Sri Lanka is expected to sustain a strong growth momentum of 6.6% on average throughout years 2011-2015, with a growth of 7.8% this year and 7.6% in 2012, Chief Economist at a top rating firm projected. Dr Yeah Kim Leng, Group Chief Economist at Malaysian based RAM Holdings Berhad, the parent company of RAM Ratings (Lanka) Ltd, says the forecast growth would boost the country’s standing in terms of GDP per capita among its peers rated the same or even a notch or two higher and in turn, strengthen Sri Lanka’s financing ability - while attracting more foreign investment - thereby boosting the progress of its economic development.

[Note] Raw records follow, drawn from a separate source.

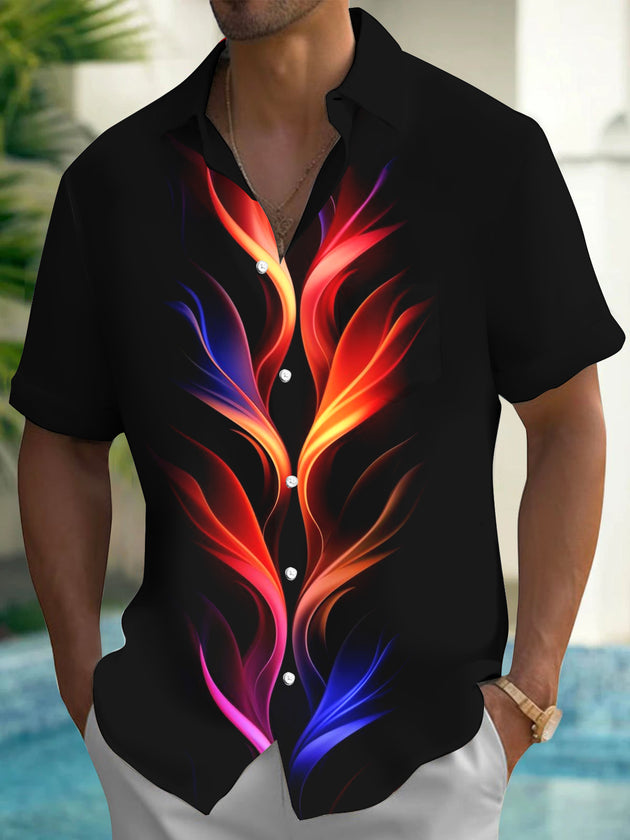 men's floral shirt front view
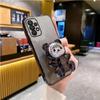 Cute Bear Holder Bracket Glitter Plating Case On for Tecno Spark 20C Spark20C 10C 10 20 Pro Plus 8C 9 Pop 5 LTE Stand Cover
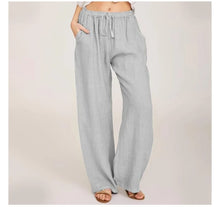 Load image into Gallery viewer, Women&#39;s Summer Linen Cotton Wide Leg Pants
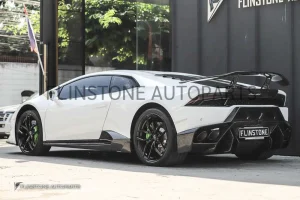 กันชนหลังพร้อมดิฟฟิวเซอร์ Forged Carbon Lamborghini Huracan LP610-4 ทรง Vorsteiner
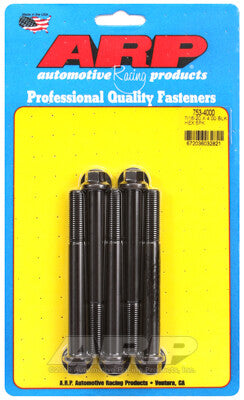 7/16 Inch Hex Bolts - Chrome Moly Black Oxide ARP Racing Products-4
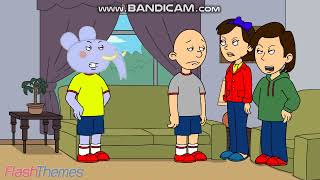 Classic Caillou Turns Caillou Into A Elephant and Gets Grounded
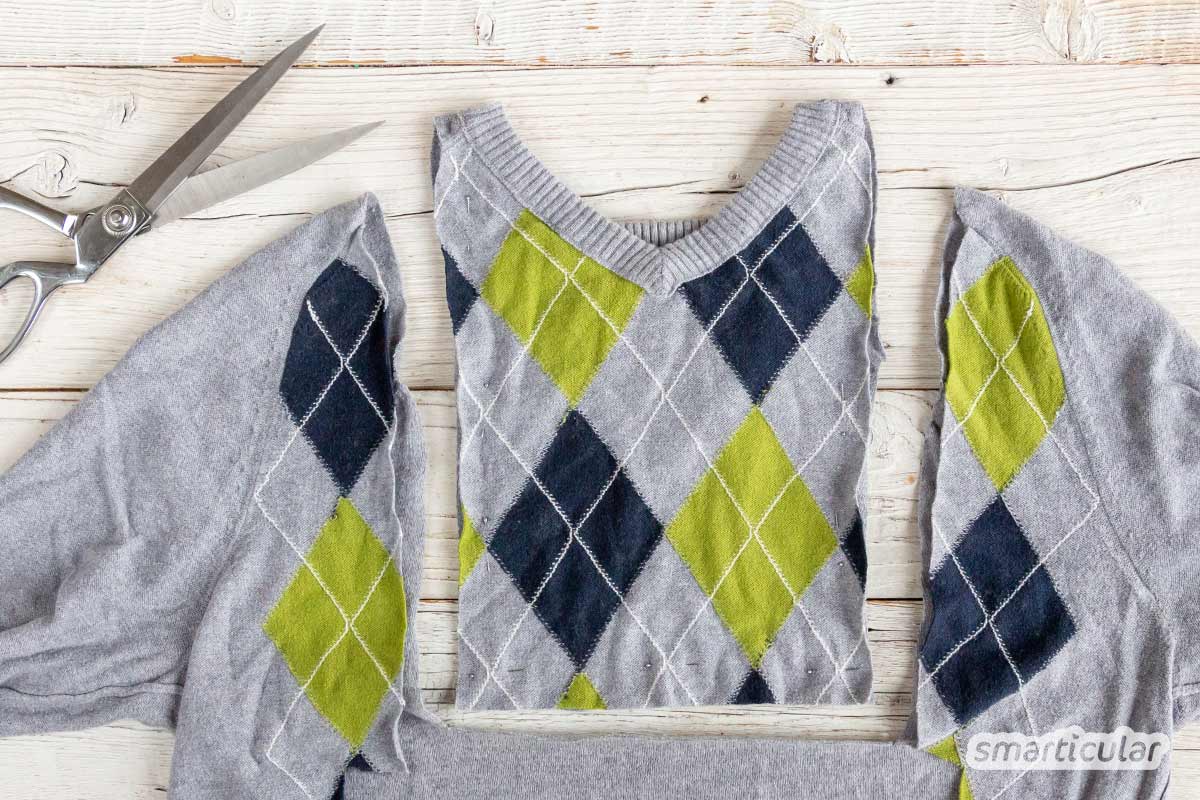 Pullover-Upcycling: aus alten Pullis etwas Neues machen – smarticular ...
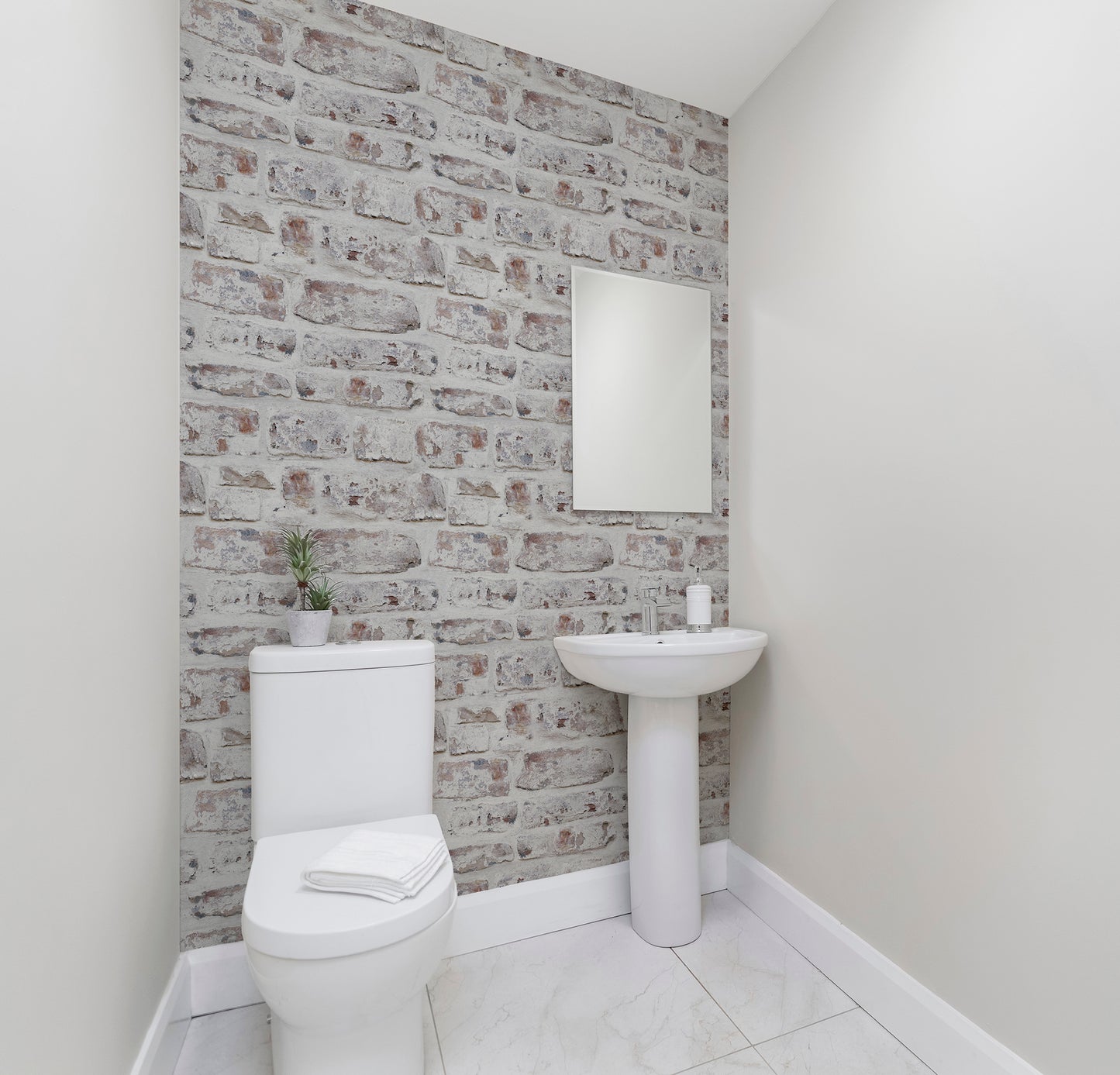 Whitewashed Wall White 671100 by Arthouse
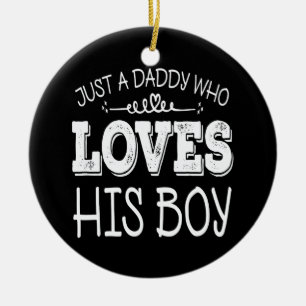 Adorno De Cerámica Regalo del Día del Padre para Papá que Ama a su Hi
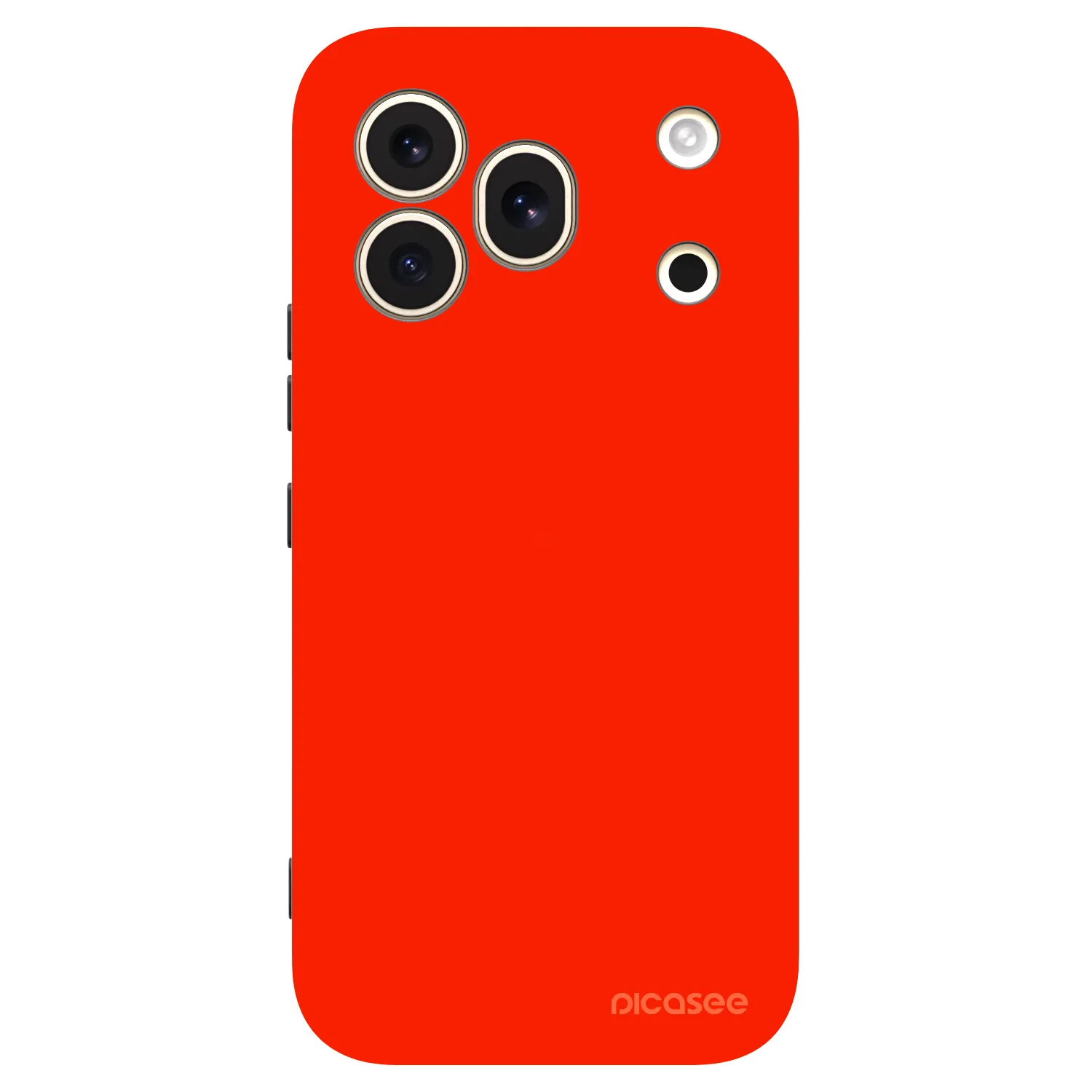 Picasee fekete szilikon tok az alábbi mobiltelefonokra Honor 600 Pro - Maranello Red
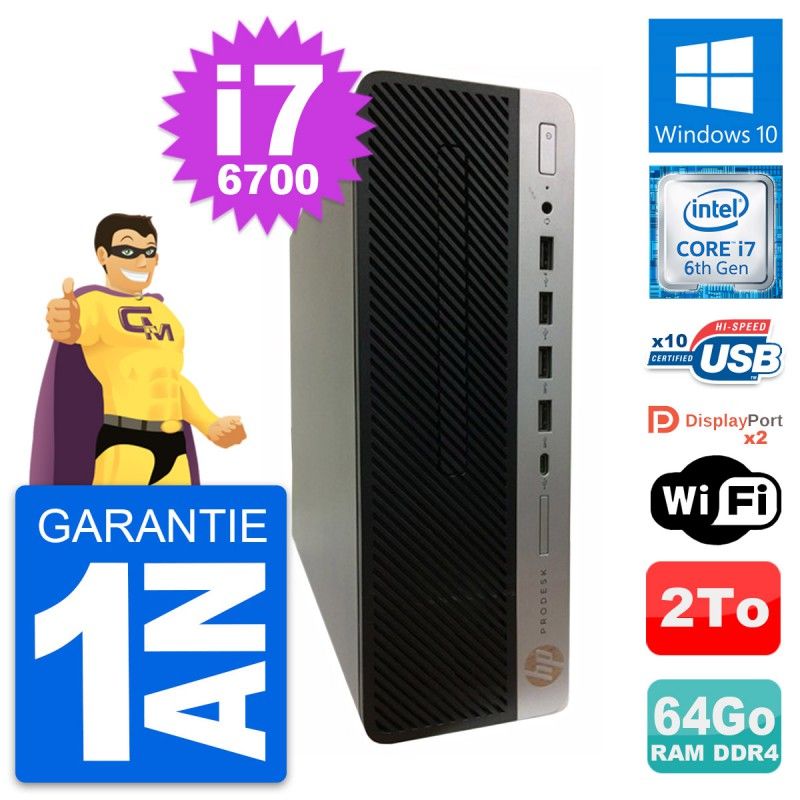 HP ProDesk 600 G3 SFF Desktop PC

“After a robust growth of 8.0% in 2010, the Sri Lankan economy maintained its growth momentum in 1H 2011, clocking up an 8.0% y-o-y growth. Given official estimates of 8.3% growth this year, we expect its momentum to continue in the second half on the back of its robust industrial and services sectors, bolstered by healthy private consumption. We project a marginally lower growth of 7.8% this year, given the downside risks of persistent uncertainties in the external environment. We expect the Sri Lankan economy to expand 7.6% in 2012, i.e. slightly above its potential output level, on the back of continued capacity-building activities,” the November 2011 report titled ‘Sri Lanka’s Economic Outlook 2012 : Strengthening domestic resilience against global headwinds’ of the renowned rating firm stated.
However, according to Dr Leng the persistent uncertainties plaguing the global economy remain a key downside risk for developing economies as currently, more than half the nation’s exports are still centered on the US and EU markets.
“Given this, a shift away from its present dependence will help cushion growth in light of the apparent downside risks,” the Chief Economist said.
From the domestic viewpoint, he said that further policy initiatives are needed to rationalise the government’s moderately high budget deficit, to maintain sustainable growth and achieve the medium-term growth estimates for continued economic development.
“On a more positive note, both the current account and fiscal deficits are expected to be reduced as brighter economic prospects will shift the burden of growth and employment creation to the private sector, on the assumption that the government maintains its fiscal consolidation,” the economist at RAM Ratings pointed out.
He noted that although inflationary pressures have increased this year, they are expected to moderate next year.
“However, Sri Lanka is highly susceptible to volatile commodity prices (for energy and food); unexpected supply shocks remain of utmost concern to policy makers and industry players. Moving forward, the country is anticipated to show strong improvement in its management of price stability while its average consumer price inflation is expected to be halved over the next 5 years,” he opined. He added another risk factor in Sri Lanka’s inflation is a possible surge in foreign capital flows into the country. “While investors’ risk appetite may be tempered by recent events in the advanced economies, a significant amount of global capital has been flowing into higher-yielding emerging economies through most of the year. These sizeable flows can exert upward pressure on the prices of Sri Lanka’s asset markets, thus accelerating the pace of inflation. That said, the imposition of more stringent capital controls or a renewed pessimism among global investors may reduce the likelihood of this occurring.”